▶ **WHAT TO WORK ON**:
Write out the material below again, line for line, without any images.

----------

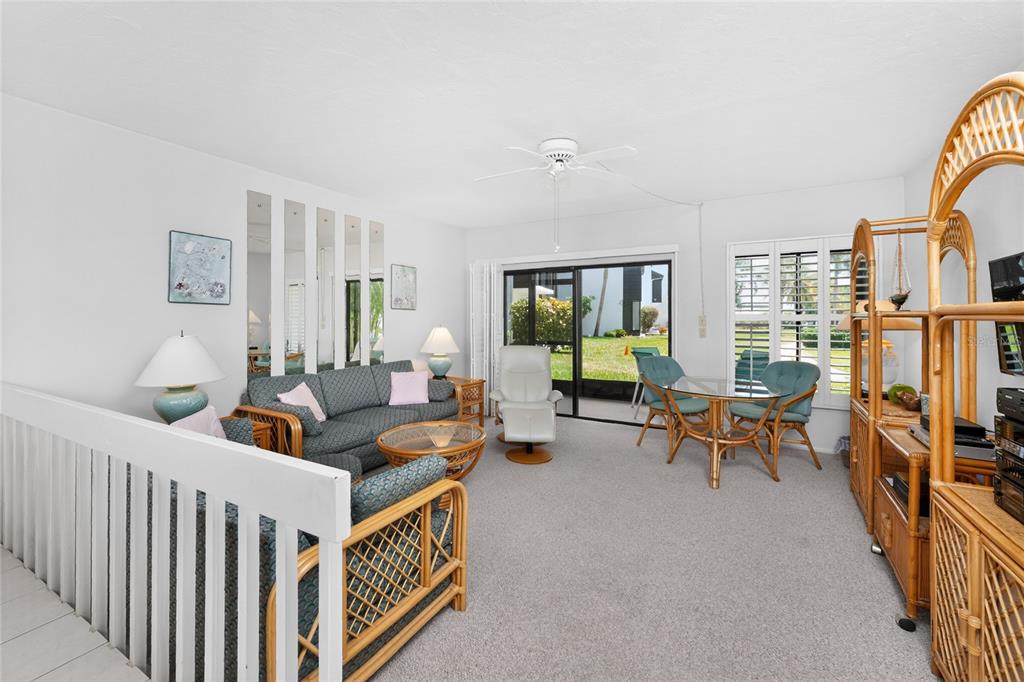 2955 North Beach Road, Unit B614 Englewood, FL 34223 - Photo 6 of 67 a living room with furniture and a flat screen tv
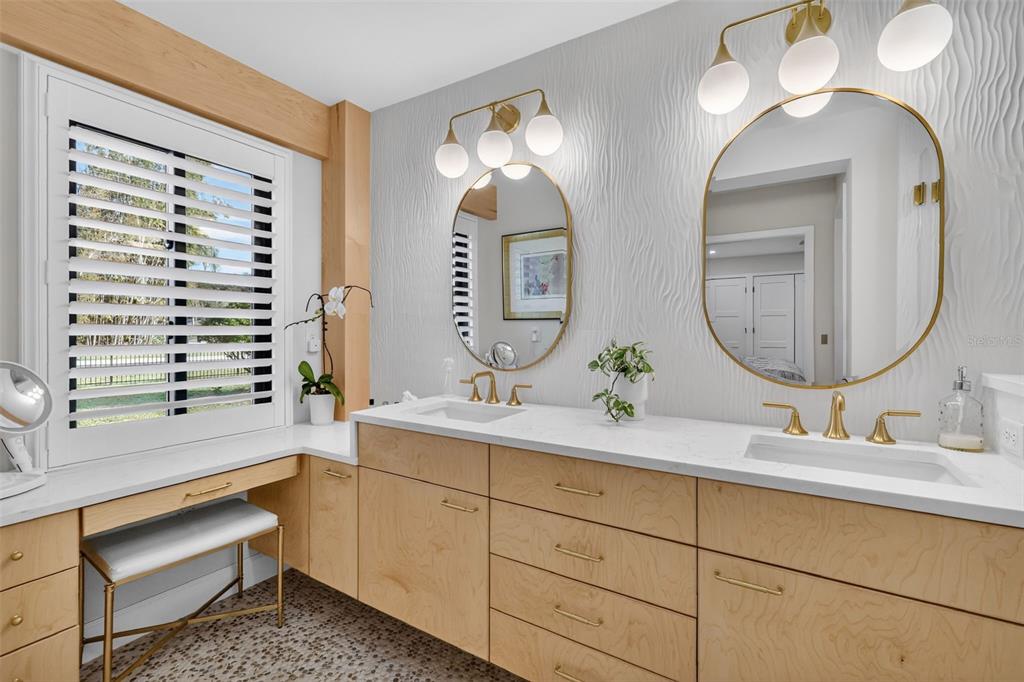 241 Bay Road Mount Dora, FL 32757 - Photo 29 of 57 a bathroom with a double vanity sink and a mirror
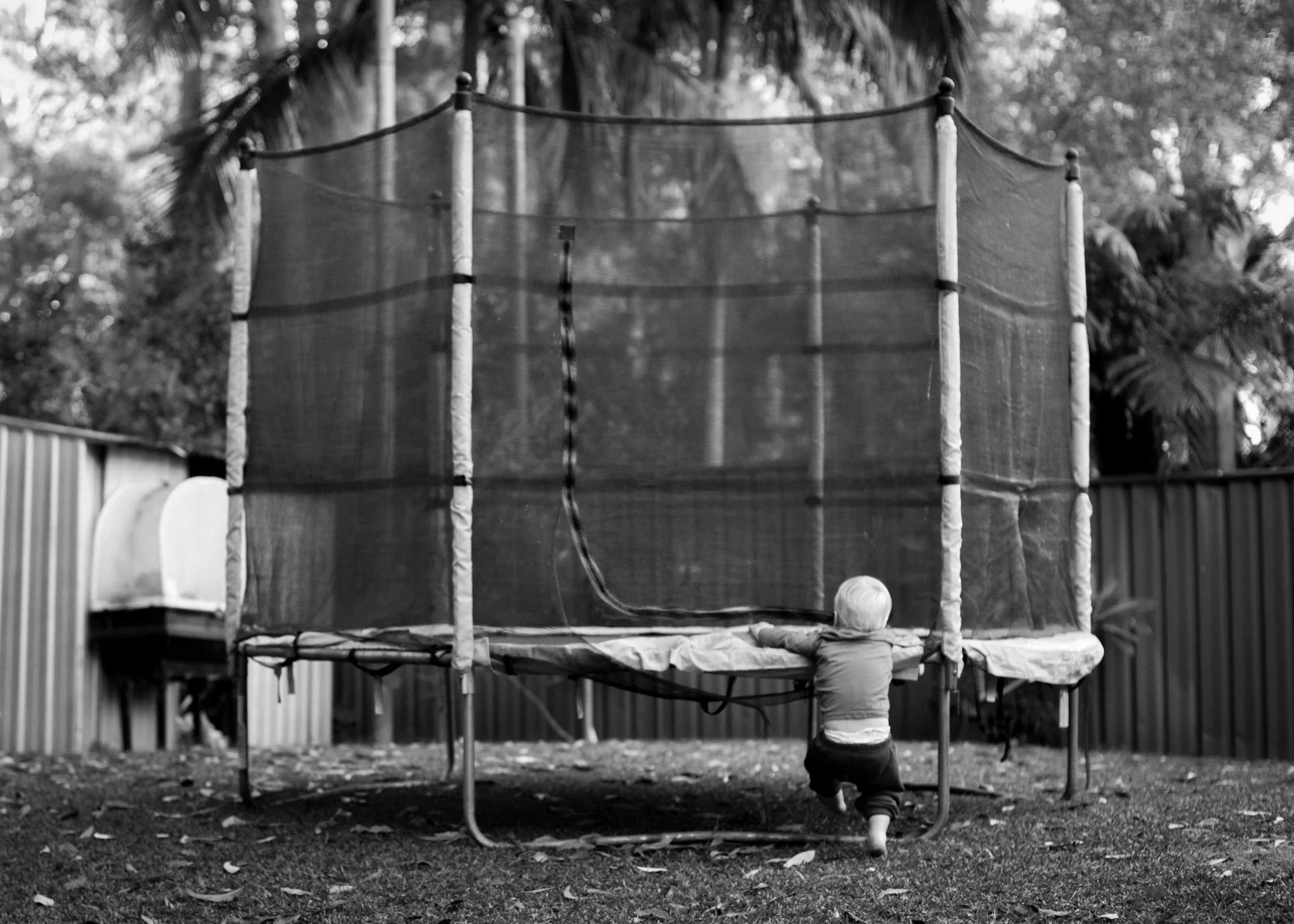 toddler trying to climb onto trampoline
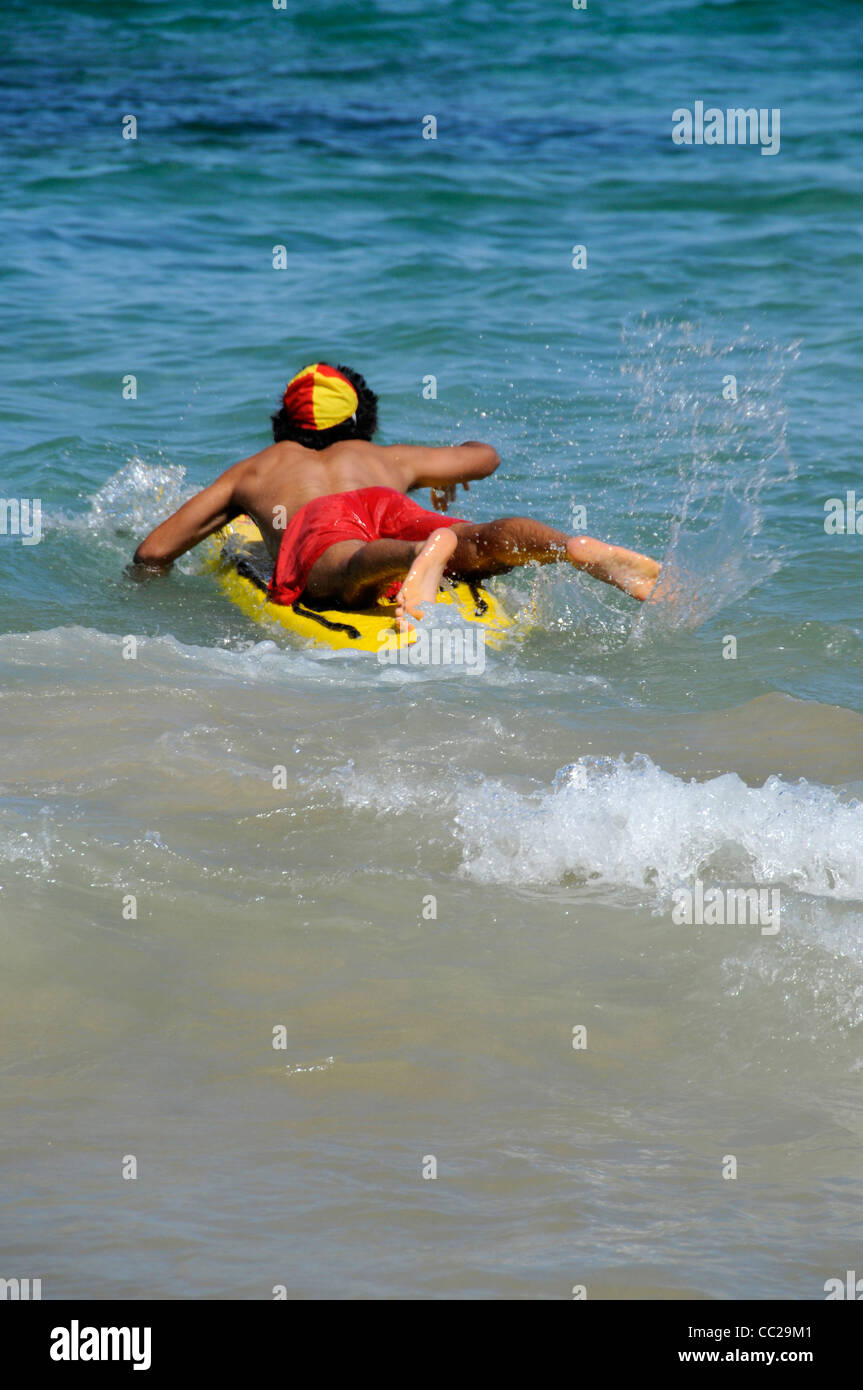 Un giovane bagnino entra in azione con la sua tavola da surf per salvare un nuotatore alla spiaggia di Bondi Foto Stock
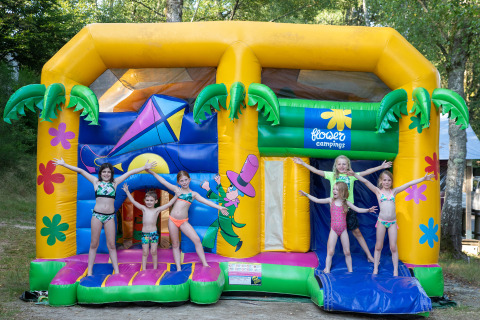 Kinderen in badkleding spelen op een kleurrijk springkasteel bij Flower Camping La Plage in Nouvelle-Aquitaine, Frankrijk.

----------

▶ **SOLUTION**:
 2955 North Beach Road, Unit B614 Englewood, FL 34223 - Photo 6 of 67 a living room with furniture and a flat screen tv
 241 Bay Road Mount Dora, FL 32757 - Photo 29 of 57 a bathroom with a double vanity sink and a mirror
 toddler trying to climb onto trampoline
 Un giovane bagnino entra in azione con la sua tavola da surf per salvare un nuotatore alla spiaggia di Bondi Foto Stock
 Kinderen in badkleding spelen op een kleurrijk springkasteel bij Flower Camping La Plage in Nouvelle-Aquitaine, Frankrijk.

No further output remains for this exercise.